Schroeder sa che potrebbe vincere facilmente la battaglia: Francia, Italia
e Gran Bretagna correrebbero in suo aiuto, impazienti di dare un colpo
all'autorità della Commissione e di mettersi al riparo da future analoghe
bacchettate. L'intero edificio di Eurolandia andrebbe però ridisegnato,
perché avrebbe dimostrato di non reggere alle tensioni che il rallentamento
economico ha aperto nelle sue fondamenta: troppo rigide, inflessibili,
incapaci di adattarsi alle scosse dell'economia mondiale.
Gli ottimisti della Commissione sperano che Berlino tenga fede al suo ruolo
di fulcro dell'integrazione europea, e che non mandi tutto all'aria la
prima volta che tocca a lei. Si fanno forza dei Trattati, che impongono
alla Commissione di esserne guardiana e notaio, di fare ciò che vi è
scritto senza discrezionalità politica e senza guardare in faccia a
nessuno: «Abbiamo fatto il nostro dovere — dice Prodi — e il nostro dovere
è di non curarci delle reazioni che questo provoca». Avvertono che se
l'Ecofin la boccerà «si assumerà la sua responsabilità politica, come noi
ci siamo assunta la nostra».
Scrutano la finora moderata reazione di Berlino traendone buoni auspici. In
fin dei conti, la Spd si trova nella condizione in cui si trovò l'Ulivo in
campagna elettorale. L'avvertimento di Bruxelles è un colpo alla sua
credibilità nella gestione dell'economia, ma è anche uno stop alle
ambizioni elettorali di Stoiber, che annuncia di voler tagliare le tasse e
aumentare la spesa: in queste condizioni di bilancio, dice Bruxelles, non è
possibile. In aggiunta, Schroeder avrebbe un buon argomento per frenare i
sindacati, lanciati in onerosi rinnovi contrattuali.
Eppure, anche nell'applicazione pignola e notarile dei Trattati, la
decisione della Commissione mette a nudo alcune apparenti stranezze e
schizofrenie del Patto e delle regole europee.

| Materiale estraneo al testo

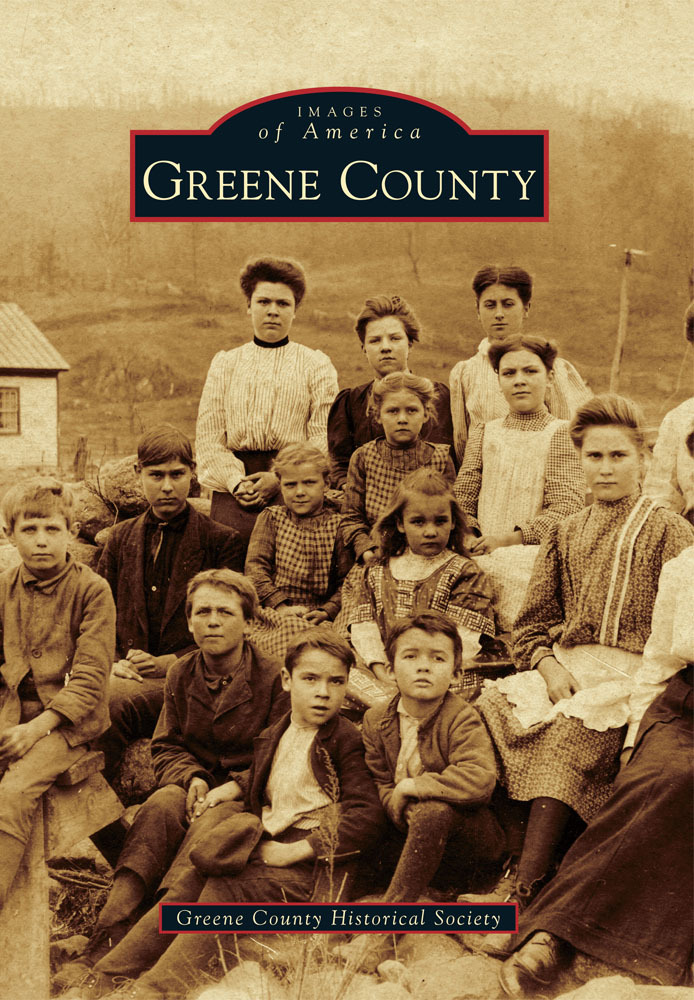 Greene County, Virginia, Images of America, Paperback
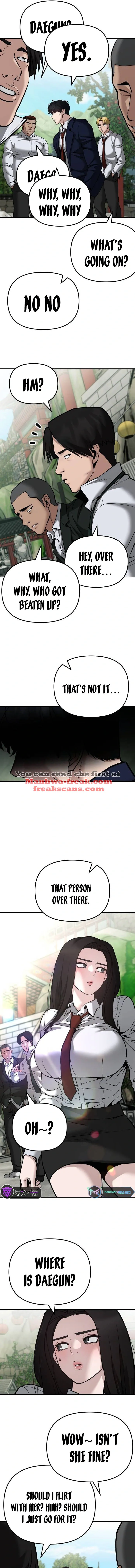 Designated Bully Chapter 89 Page 15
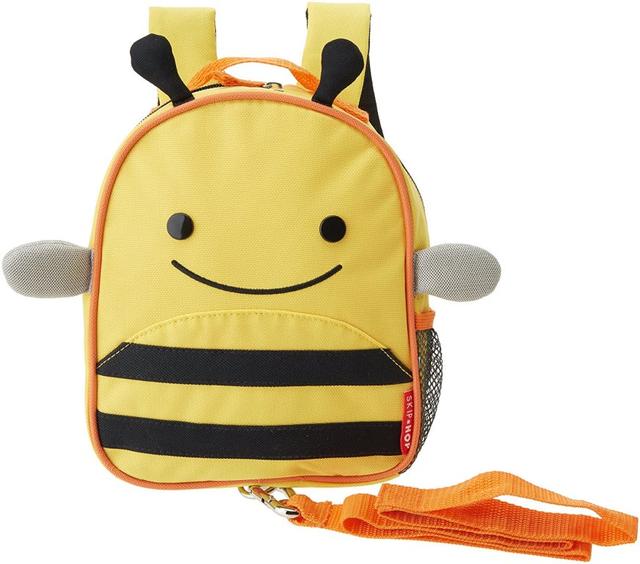 SkipHop - Zoolet Backpack - Bee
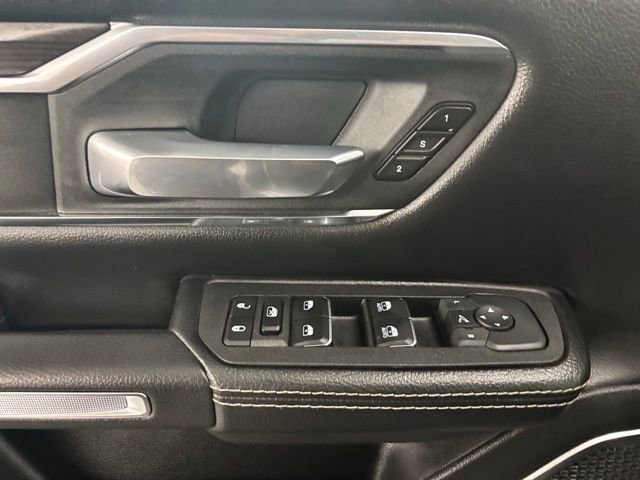 Used 2025 RAM 1500 Laramie w/ Laramie Southwest Edition image 25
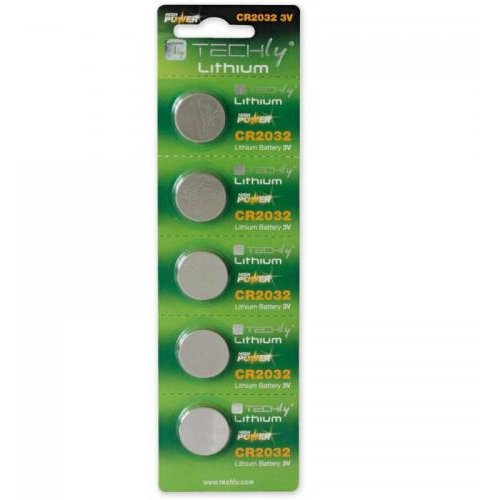 Baterii 307063 Litiu 3V CR2032 5 bucati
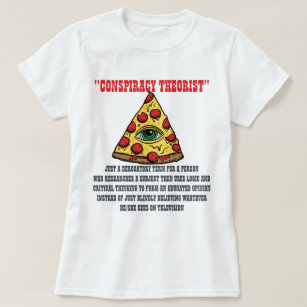 Conspiracy Theorist T-Shirt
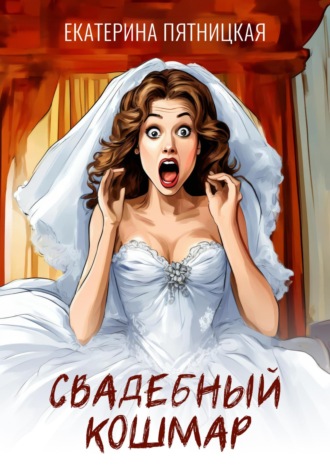 Екатерина Пятницкая. Свадебный кошмар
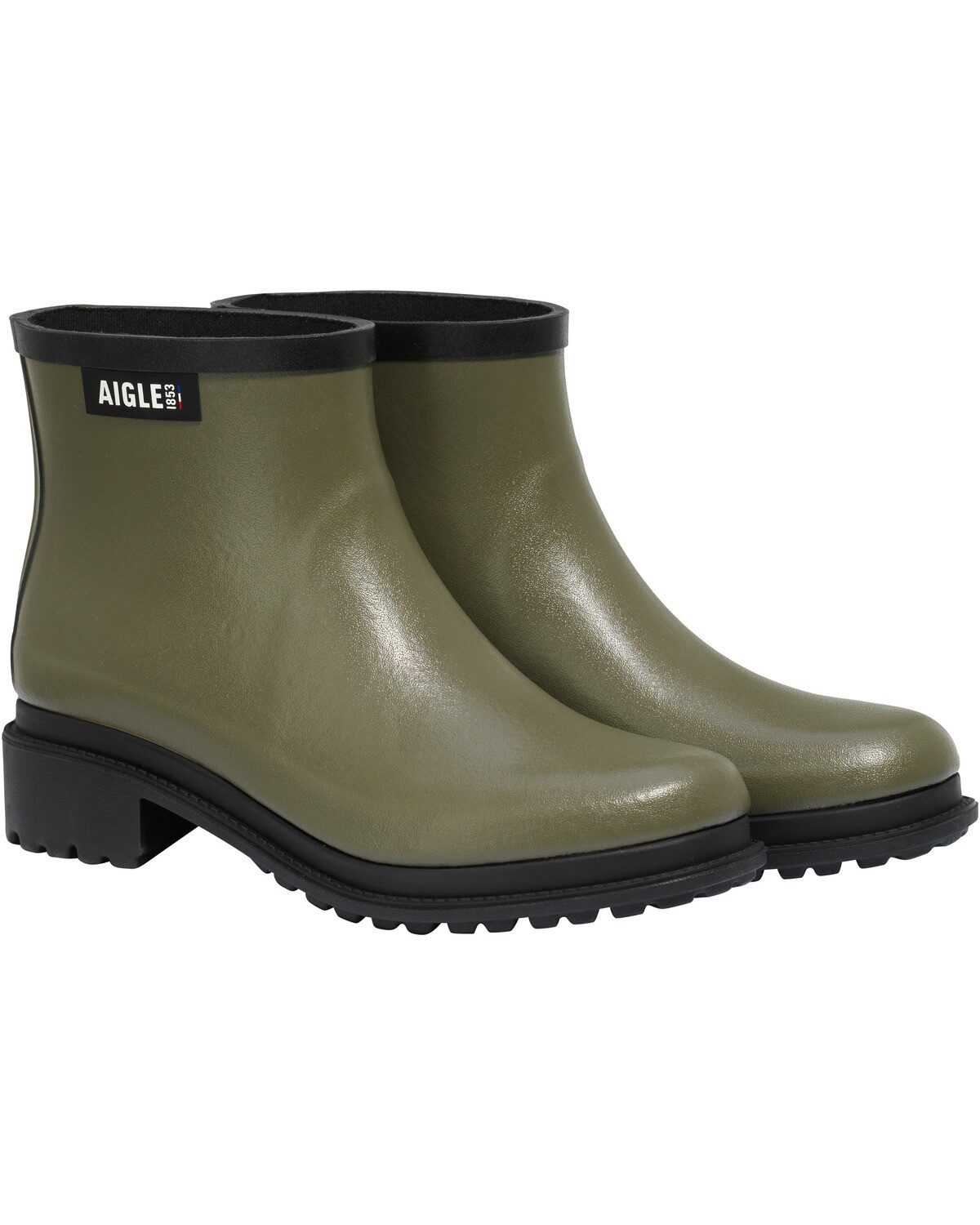 Aigle Damen Kurz-Gummistiefel Fulfeel Low Gummistiefelette
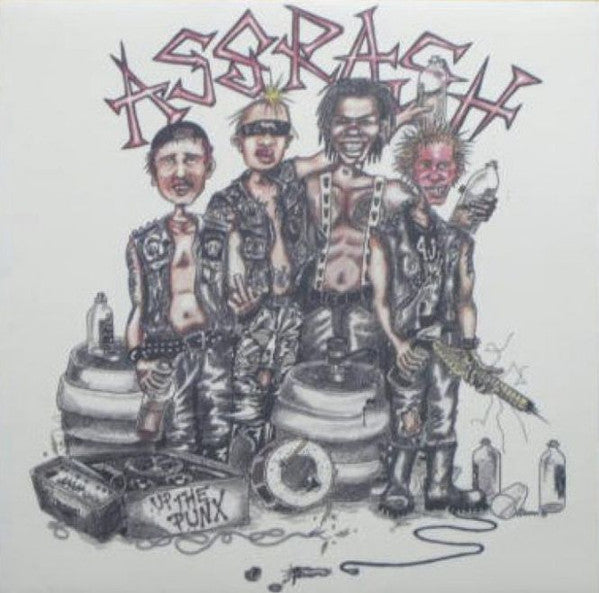 Up The Punx (1996, US Press)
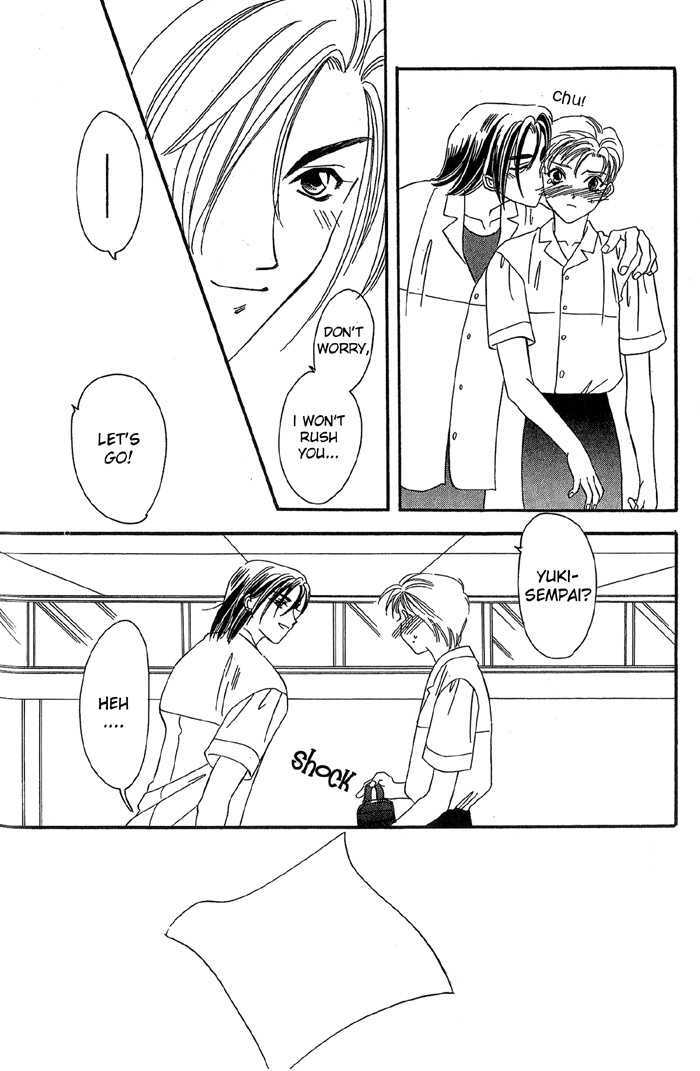 Daikirai! Chapter 3.2 page 23 - Chapter 3.2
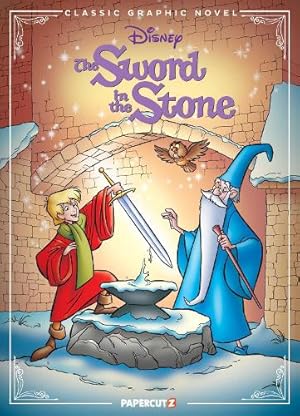 Imagen del vendedor de Disney Classic Graphic Novel: The Sword in the Stone a la venta por Rarewaves USA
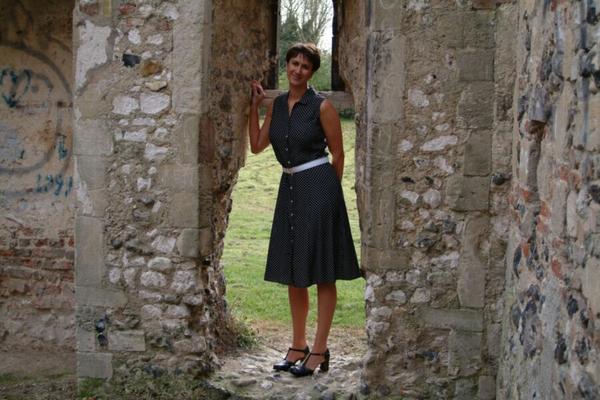 La femme au foyer de Kay UK exposée !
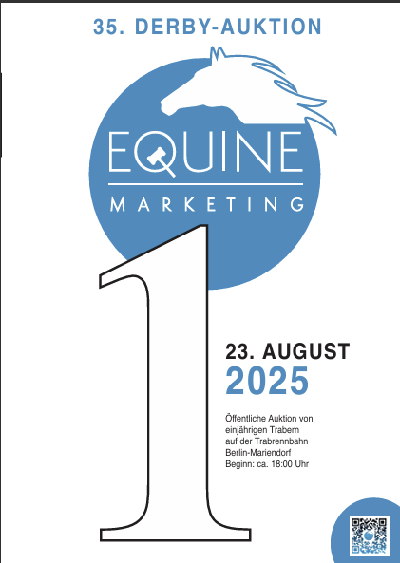 International tysk Derbyauktion i Berlin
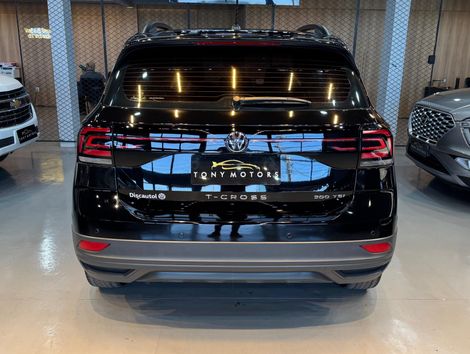 VolksWagen T-Cross Sense 1.0 TSI Flex 5p Aut.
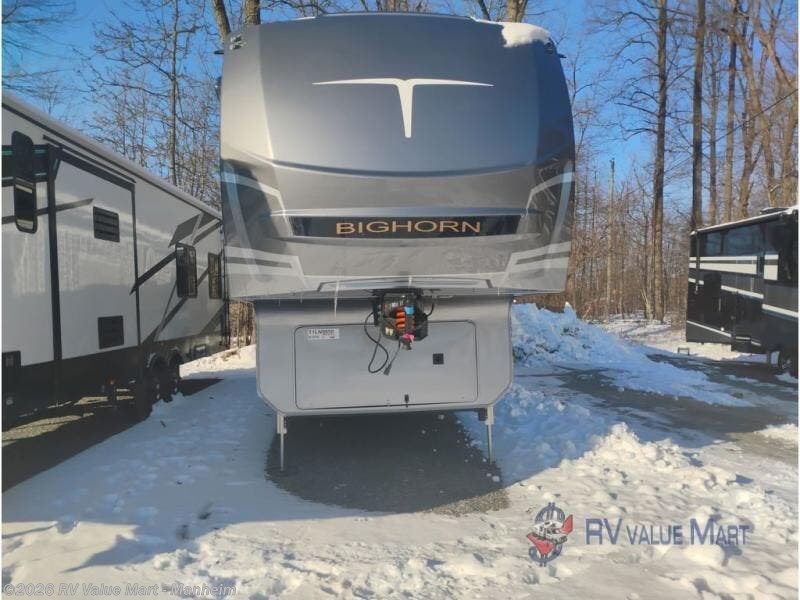 New 2026 Heartland Bighorn 38RE available in Manheim, Pennsylvania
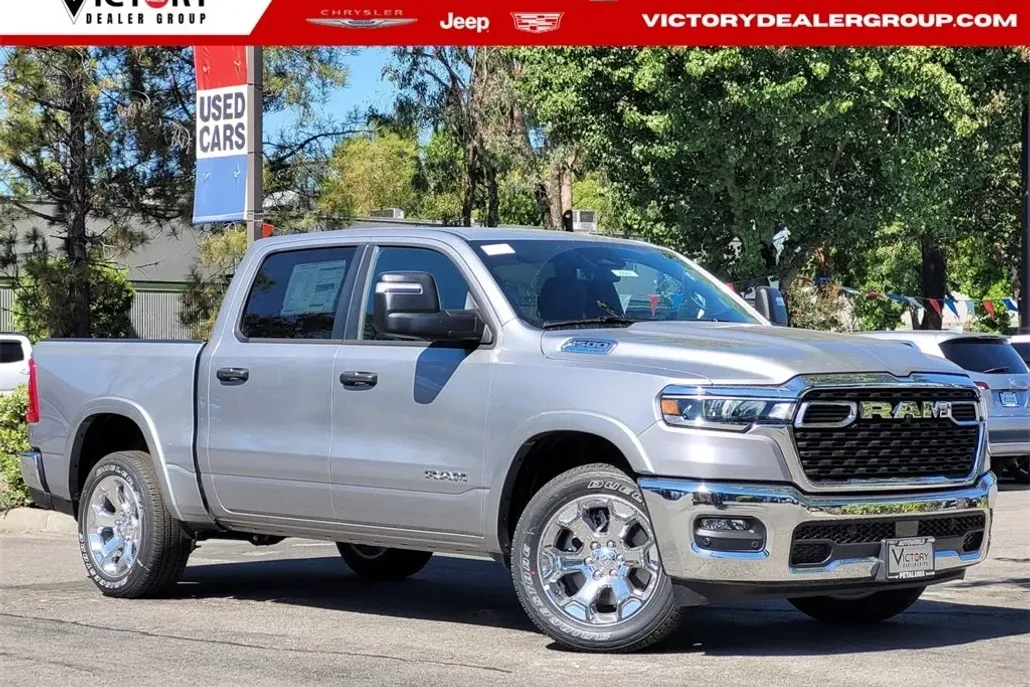 2025 Ram 1500 Big Horn Lone Star photo 1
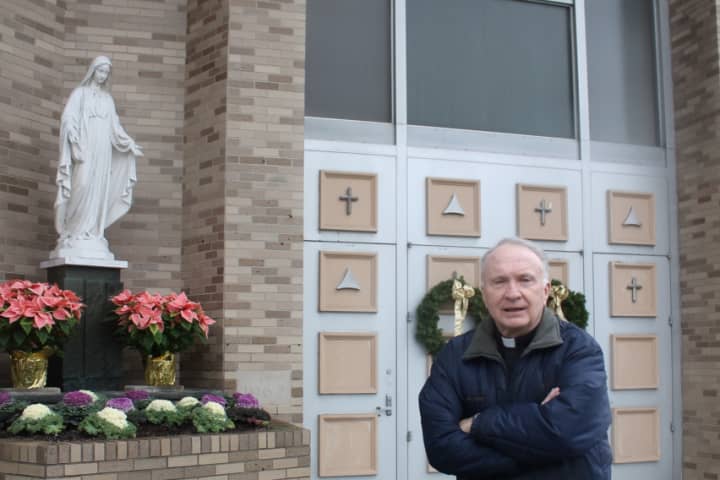 Our Lady Of Mercy In Park Ridge Chosen As Pilgrim Church For 2016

È curioso che alla Germania,
cui si lancia un «avvertimento» formale, non si suggerisca poi nessun
cambiamento di politica fiscale, mentre all'Italia, promossa a pieni voti,
si suggerisca invece di guardare al suo debito ancora troppo alto, alle
pensioni ancora non riformate abbastanza, alle misure «una tantum» che
l'anno prossimo non avranno gli effetti benefici di quest'anno. Ed è
curioso che la Germania si becchi un «avvertimento» perché cresce poco
mentre all'Irlanda, l'anno scorso, fu comminata una censura perchè cresceva
troppo, accendendo l'inflazione.
Queste apparenti contraddizioni mostrano con grande evidenza la difficoltà
intrinseca di tenere insieme in una moneta unica dodici stati ed economie
diverse, ognuna con la sua storia e il suo governo. Ma proprio quando si
applica una qualche forma di governo comune, che dovrebbe essere la
risposta, la difficoltà si accresce, e anzi assume caratteri esplosivi. Sul
bilancio della Germania si sta insomma giocando una partita che è il cuore
della domanda posta alla Convezione Giscard: deve prevalere l'integrazione
comunitaria o la sovranità degli stati nazione? Dall'esito della partita
tedesca dipenderà anche la piega che prenderà il dibattito sull'efficacia
del Patto di Stabilità in tempi di vacche magre: lasciarlo così com'è o
cominciare a cambiarlo, a partire dal vertice di Barcellona di marzo,
ammorbidendolo un po'?
Manco a farlo apposta, ieri la Commissione ha preso un'altra decisione
destinata ad aprire forti tensioni nell'edificio comunitario e a mettere in
primo piano la complessità del suo più grande progetto politico:
l'allargamento a est. Nel definirne i costi, Bruxelles ha dichiarato che i
fondi della politica agricola comunitaria che vanno direttamente ai
produttori non saranno elargiti alla Polonia e ai nuovi entranti con la
stessa generosità con cui sono oggi elargiti a Francia e Germania. I
contadini dell'ex impero sovietico vivranno per dieci anni in serie B,
ottenendo in partenza solo il 25% di quello che va ai contadini
dell'Occidente. I paesi candidati, Varsavia in testa, già si organizzano
per resistere a quella che ritengono essere una inaccettabile
discriminazione. E così anche il più nobile dei progetti europei dovrà fare
i conti col vil denaro, da sempre alfa e omega della ambiziosa ma
zoppicante costruzione dell'Europa unita.